In the entries that follow, repeat exactly the lines from the one that has "Көздің жарық сезгіштігі" through the one that has "pannjed's tweet photo.", but omit pictures.

#### Data under study ####

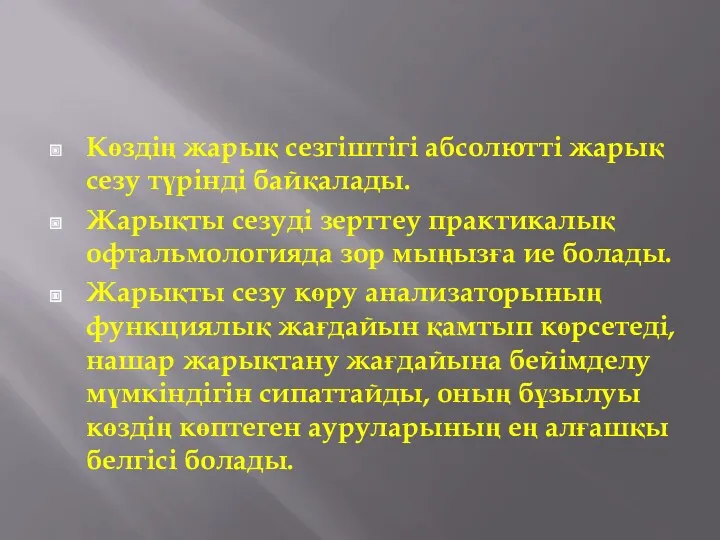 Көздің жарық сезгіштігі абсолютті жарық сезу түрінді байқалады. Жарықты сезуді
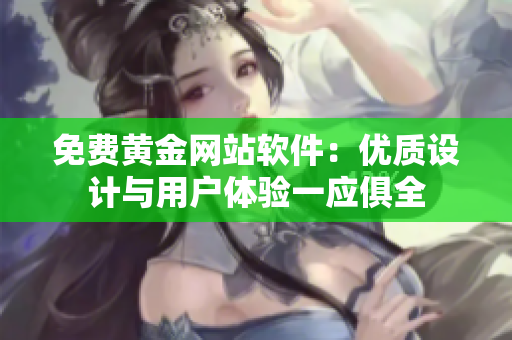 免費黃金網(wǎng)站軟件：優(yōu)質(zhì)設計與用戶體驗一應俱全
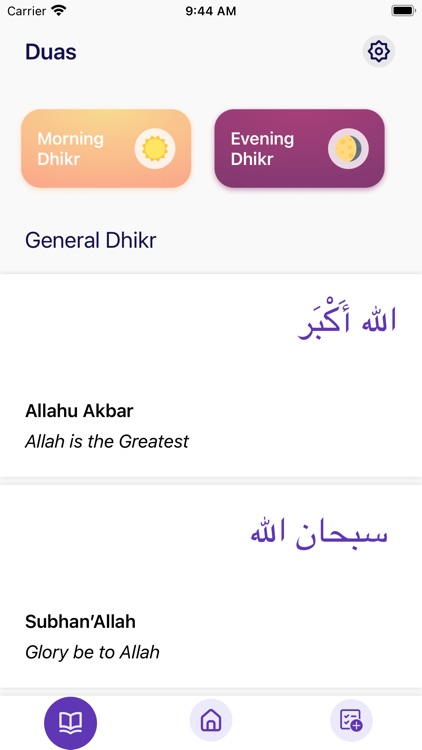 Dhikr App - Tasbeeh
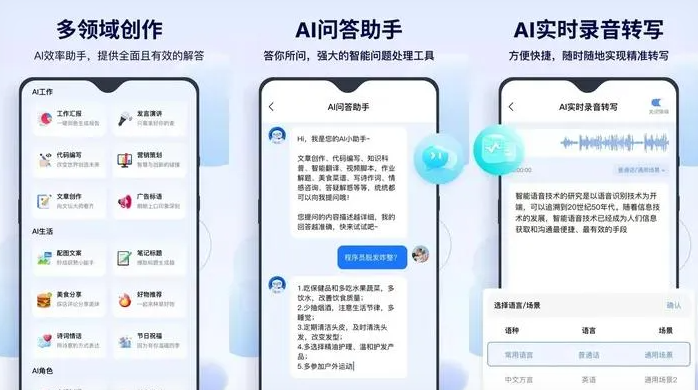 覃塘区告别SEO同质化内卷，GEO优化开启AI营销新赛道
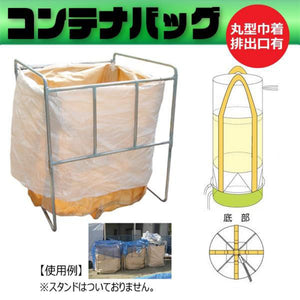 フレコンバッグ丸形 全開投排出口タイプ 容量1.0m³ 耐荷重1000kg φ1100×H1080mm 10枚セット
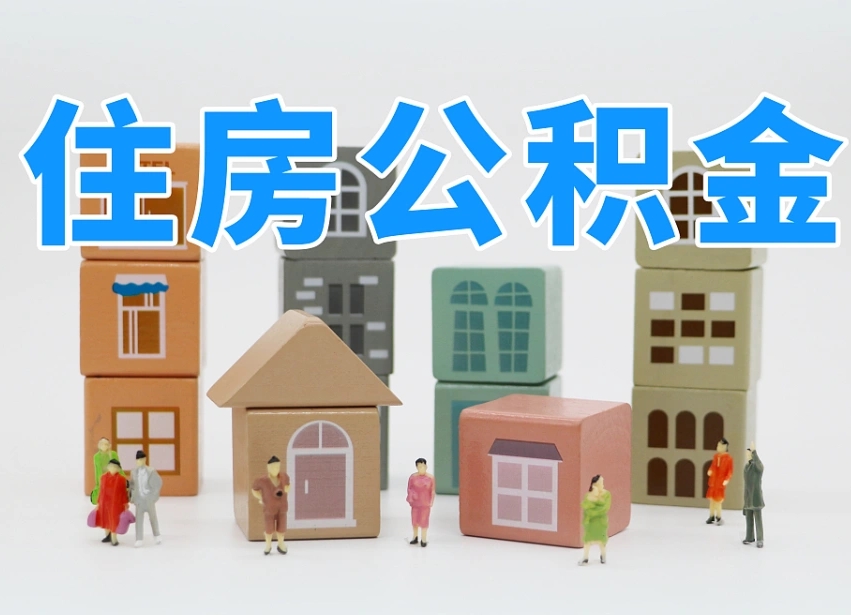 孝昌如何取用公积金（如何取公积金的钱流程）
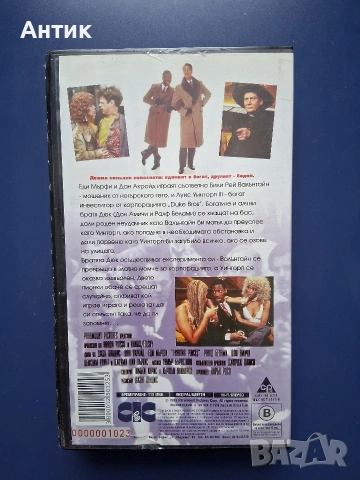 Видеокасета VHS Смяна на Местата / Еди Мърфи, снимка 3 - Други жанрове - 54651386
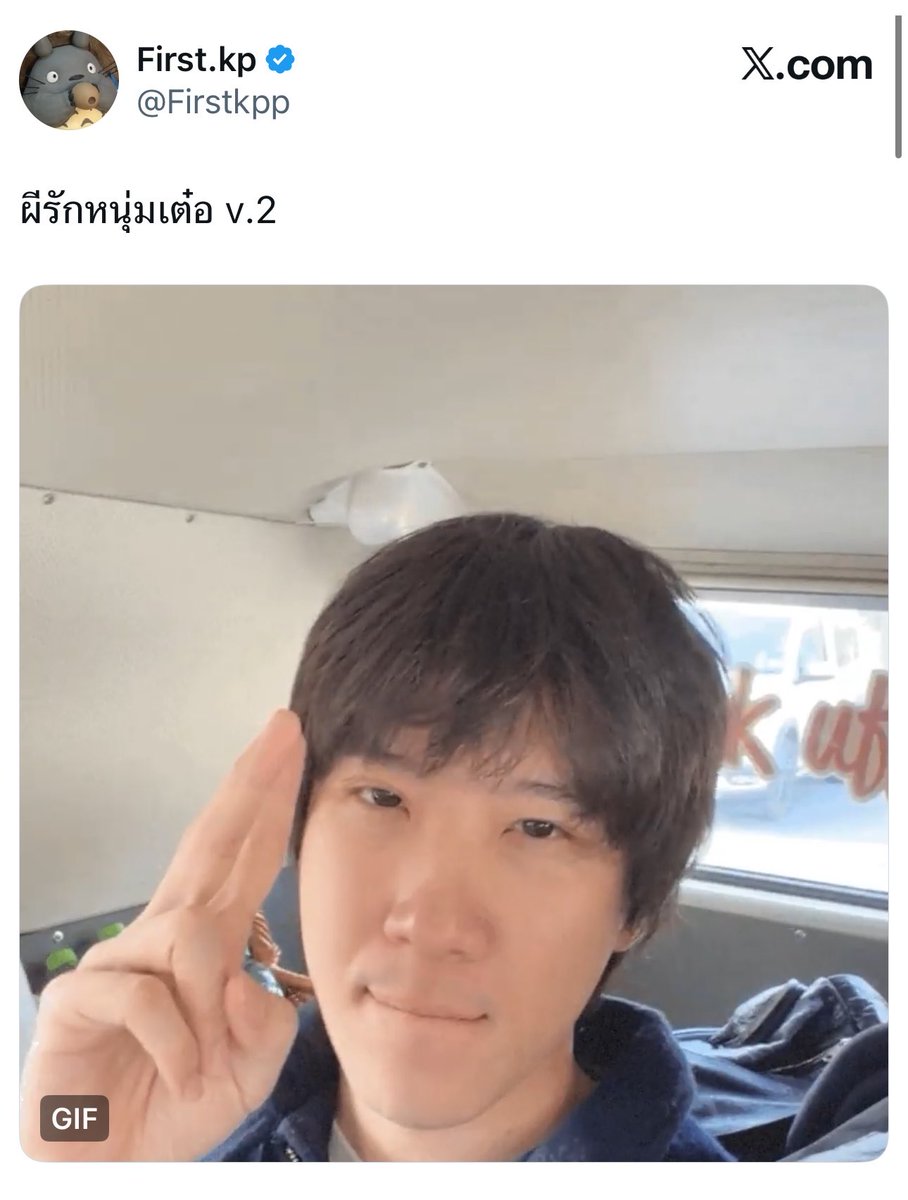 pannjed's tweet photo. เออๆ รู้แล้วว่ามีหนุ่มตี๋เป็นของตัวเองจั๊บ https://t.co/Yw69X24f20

####
#### Data under study ####

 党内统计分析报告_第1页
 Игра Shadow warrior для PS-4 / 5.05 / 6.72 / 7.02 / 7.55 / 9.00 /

####
#### Data under study ####

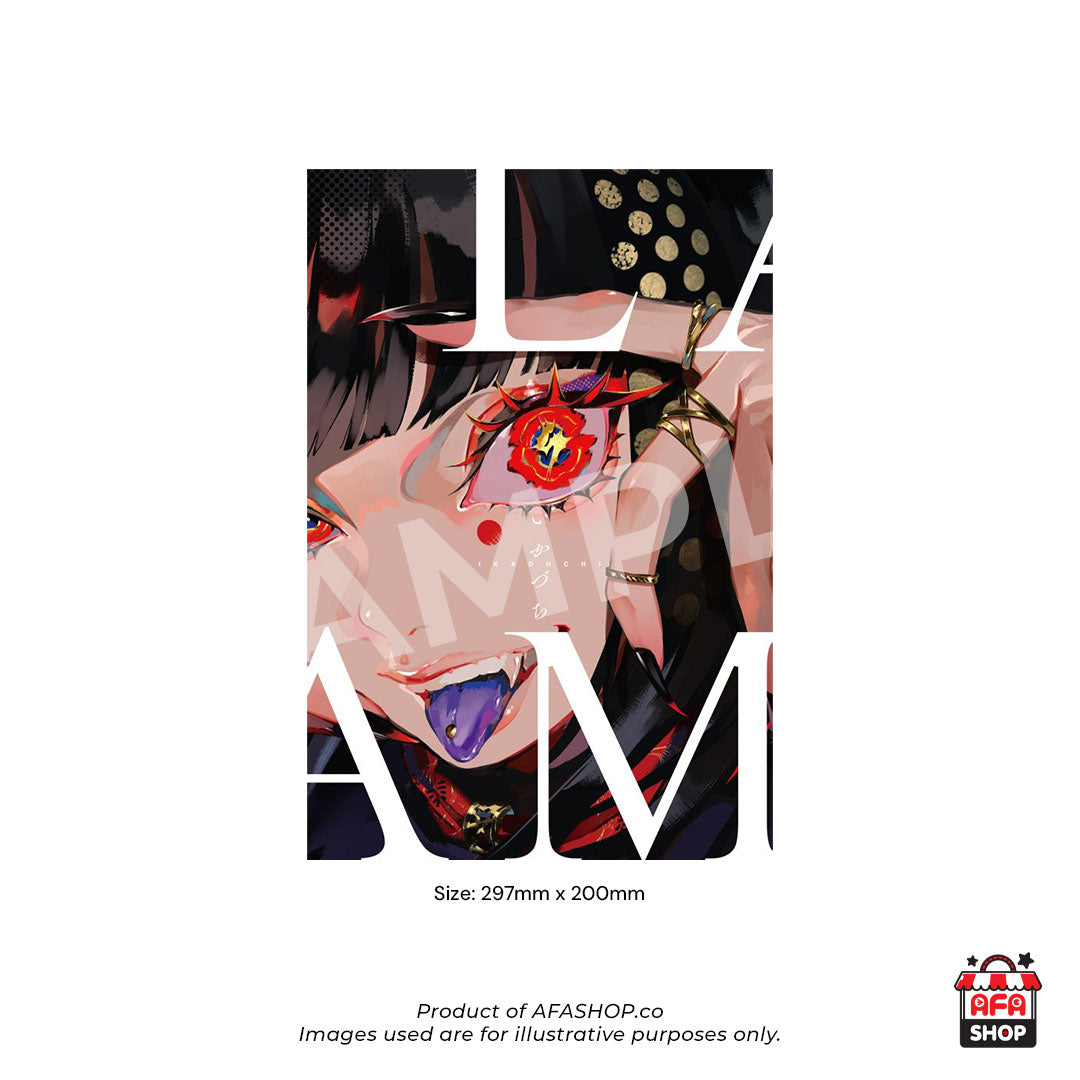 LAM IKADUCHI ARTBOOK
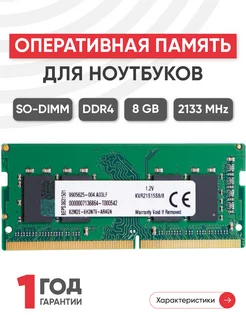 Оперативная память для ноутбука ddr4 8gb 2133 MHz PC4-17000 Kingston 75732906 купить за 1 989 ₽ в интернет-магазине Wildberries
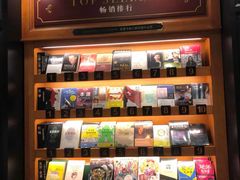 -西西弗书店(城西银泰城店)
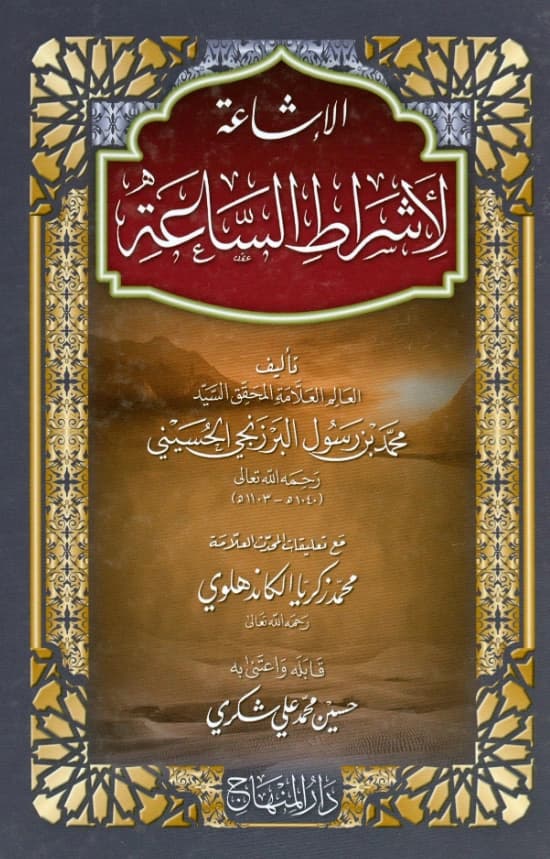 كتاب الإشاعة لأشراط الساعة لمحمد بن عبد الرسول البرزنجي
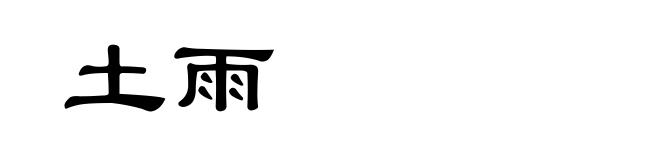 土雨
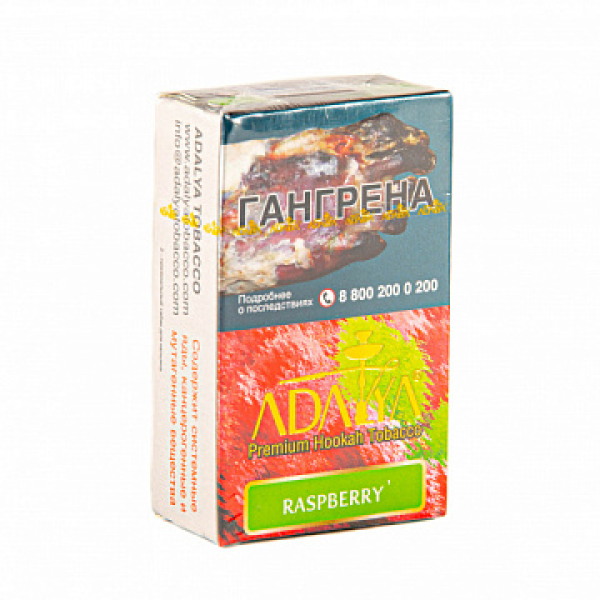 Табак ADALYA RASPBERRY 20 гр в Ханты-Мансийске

####

Task result.
 Көздің жарық сезгіштігі абсолютті жарық сезу түрінді байқалады. Жарықты сезуді
 免費黃金網(wǎng)站軟件：優(yōu)質(zhì)設計與用戶體驗一應俱全
 Dhikr App - Tasbeeh
 覃塘区告别SEO同质化内卷，GEO优化开启AI营销新赛道
 フレコンバッグ丸形 全開投排出口タイプ 容量1.0m³ 耐荷重1000kg φ1100×H1080mm 10枚セット
 孝昌如何取用公积金（如何取公积金的钱流程）
 Видеокасета VHS Смяна на Местата / Еди Мърфи, снимка 3 - Други жанрове - 54651386
 pannjed's tweet photo. เออๆ รู้แล้วว่ามีหนุ่มตี๋เป็นของตัวเองจั๊บ https://t.co/Yw69X24f20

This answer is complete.